Long, 17, matched up against some older riders early on, but held her own and gave her teammates a chance to come back and medal.

"There was strategy to who went in which order," she said. "I set the pace and it was kind of difficult. Quebec and Ontario were fighting for first and Nova Scotia was in there. But Nova Scotia sent their fastest rider first. I was scared that we wouldn't be able to catch up.

"But my teammates were able to catch up and fill the gap."

Noting the track was man-made, Long was pleasantly surprised with the set-up. Even though the riders traversed the same hill over and over, she still found it enjoyable.

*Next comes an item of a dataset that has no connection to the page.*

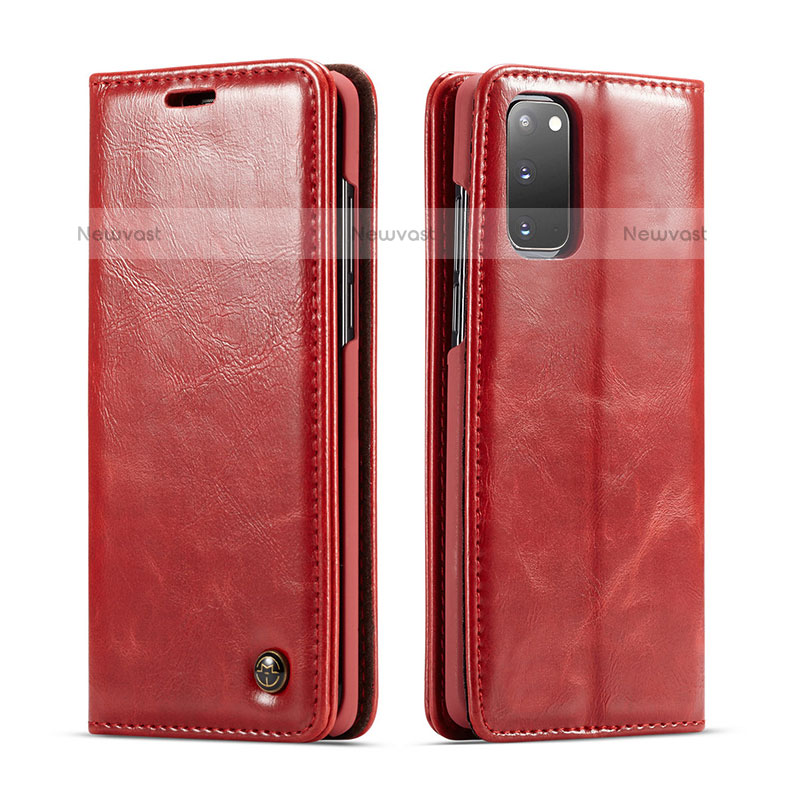 Leather Case Stands Flip Cover Holder C03S for Samsung Galaxy S20 5G Red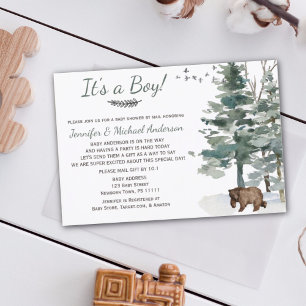 Forest Adventure Boy Bear Baby Shower By Mail Invitation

"It was interesting. It was definitely a lot different than I was expecting," she said. "They did a really good job for how flat it was, to build pretty technical terrain when there was pretty much nothing there. It was difficult, in a sense, for me because it was a lot different. I'm more used to natural terrain and steeper stuff. It wasn't super steep, but it was fun."

Long also found the dry prairie heat challenging, placing 10th in the Olympic distance race and 12th in the sprint, an event in which she had hoped to place in the top five. But with temperatures hitting 35 degrees Celsius, it ended up being an insurmountable challenge.

"There was pretty much no shade, so it was a very difficult race, especially for the West Coast people because they're not used to the heat," she said.

Meanwhile, the other local representative, 16-year-old Quinn Phare of Pemberton, paddled to fifth alongside 17-year-old Alexander Demishkevich of Kamloops in the two-man 1,000-metre canoe race on Aug. 7, finishing about 36 seconds behind Quebec, whose competitors are 20 and 19. They then took sixth in the 500-metre race the next day, with two 20-year-old Albertans, Brady Garcia and Gavin Jaeger-Freeborn, taking gold.